- [YOUR TASK] Would you give the listing again exactly as written, minus its pictures?

- [GIVEN DATA]
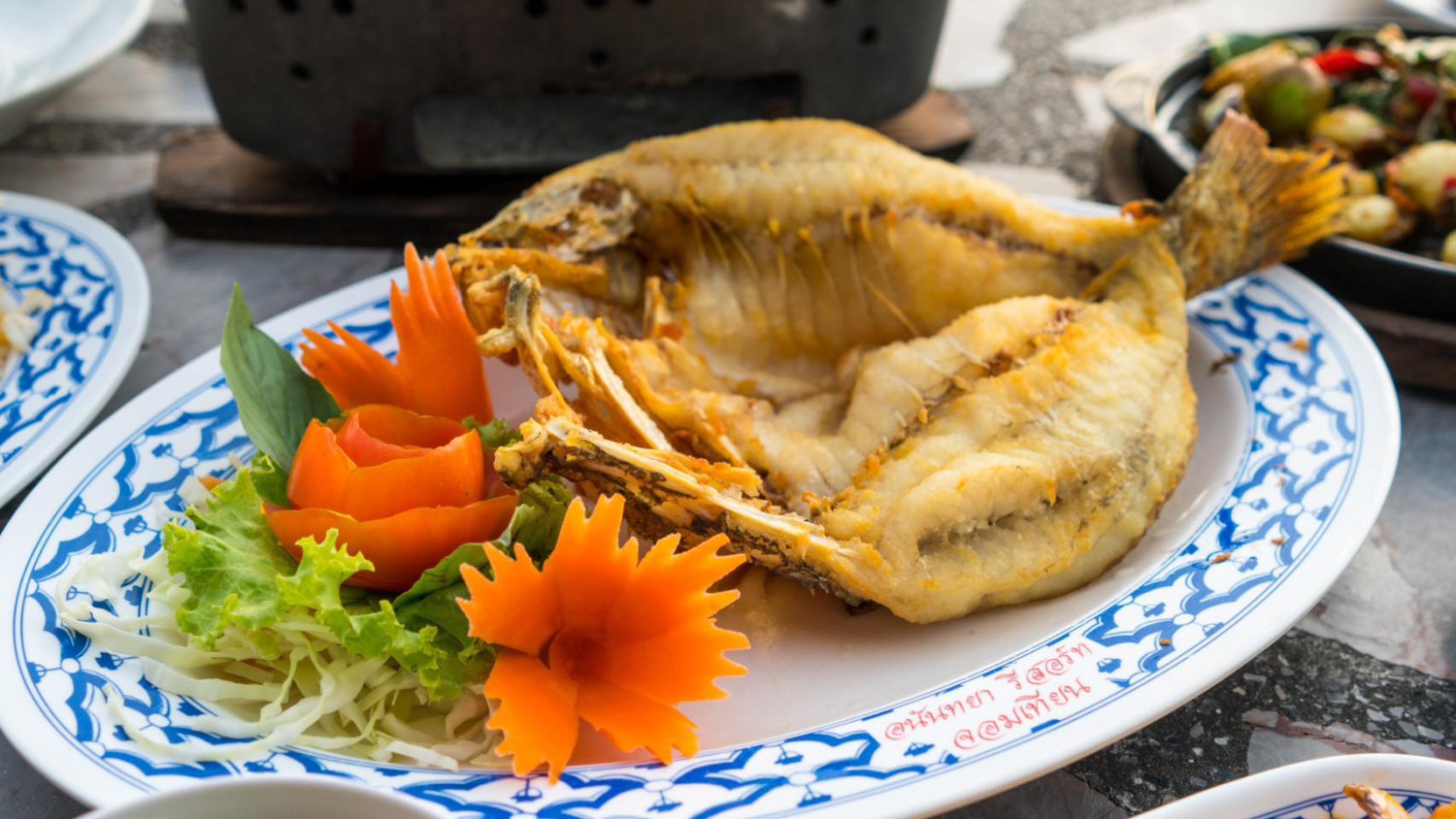 ปูเป็น SEAFOOD PATTAYA, ริมหาด ซีฟู๊ด, ลุงบอยป้ารัตน์, สาขาหาดจอมเทียน, Krua Dongtan ครัวดงตาล, ลุงไสว 1 สุดหาดจอมเทียน พัทยา, ศรีนวลซีฟู้ด, Anantaya Resort &amp; Seafood Pattaya, สุดเขต ทะเลเผา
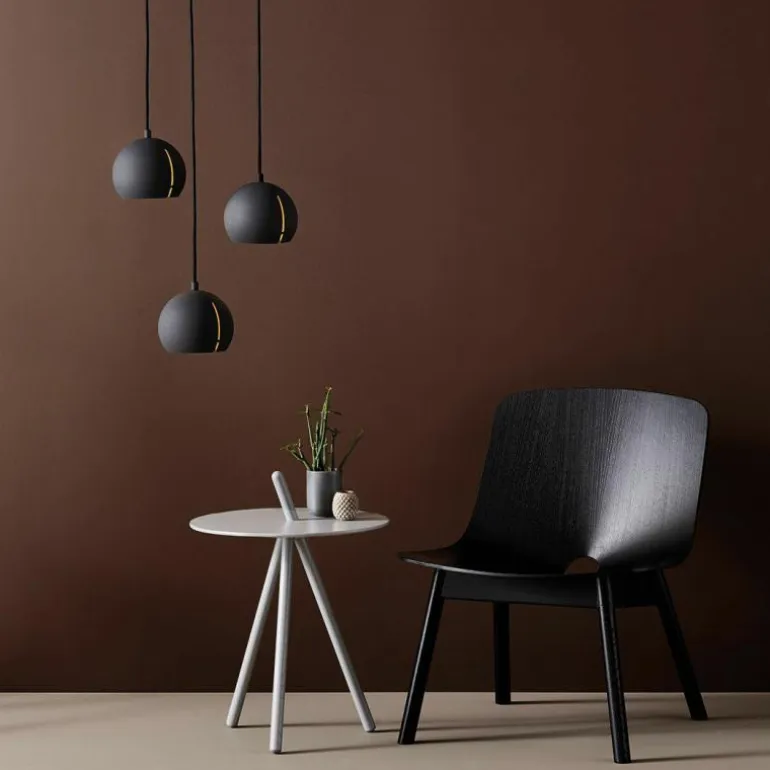 Gap Round Hanglamp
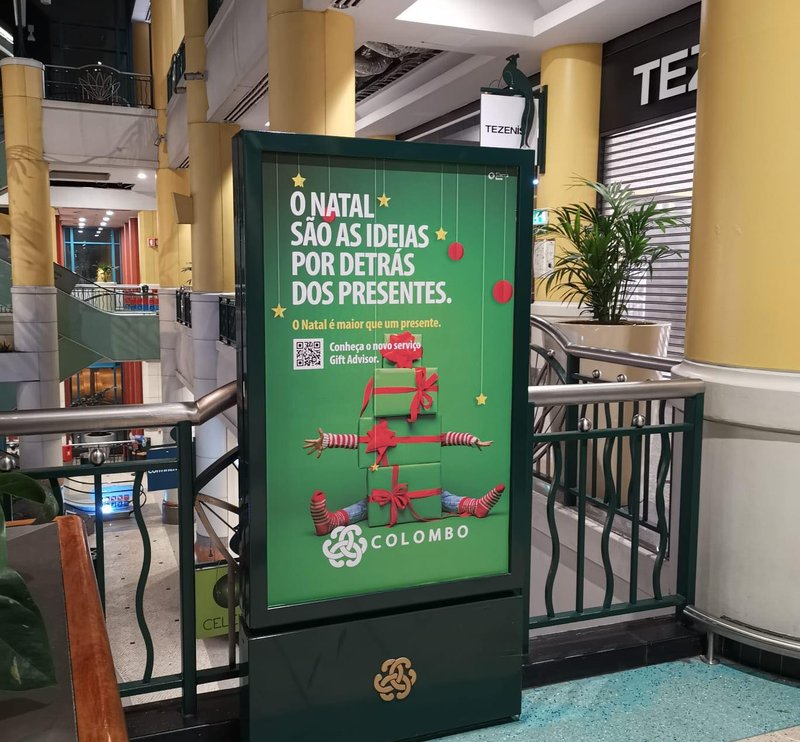 Suportes de Comunicação - 19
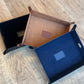 Navy Genuine Throwall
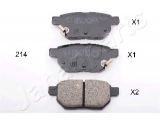 PP-214AF (JAPANPARTS)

- [OUTPUT BELOW]
 ปูเป็น SEAFOOD PATTAYA, ริมหาด ซีฟู๊ด, ลุงบอยป้ารัตน์, สาขาหาดจอมเทียน, Krua Dongtan ครัวดงตาล, ลุงไสว 1 สุดหาดจอมเทียน พัทยา, ศรีนวลซีฟู้ด, Anantaya Resort &amp; Seafood Pattaya, สุดเขต ทะเลเผา
 Gap Round Hanglamp
 Suportes de Comunicação - 19
 Navy Genuine Throwall
 PP-214AF (JAPANPARTS)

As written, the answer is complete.